Dataset extract
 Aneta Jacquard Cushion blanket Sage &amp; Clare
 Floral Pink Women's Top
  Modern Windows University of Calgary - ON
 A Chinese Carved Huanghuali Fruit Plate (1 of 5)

Problem to work on
Repeat exactly the lines from the line containing "Floral Pink Women's Top" through the end of the listing above; both boundary lines are part of the output.

Exercise answer
 Floral Pink Women's Top
  Modern Windows University of Calgary - ON
 A Chinese Carved Huanghuali Fruit Plate (1 of 5)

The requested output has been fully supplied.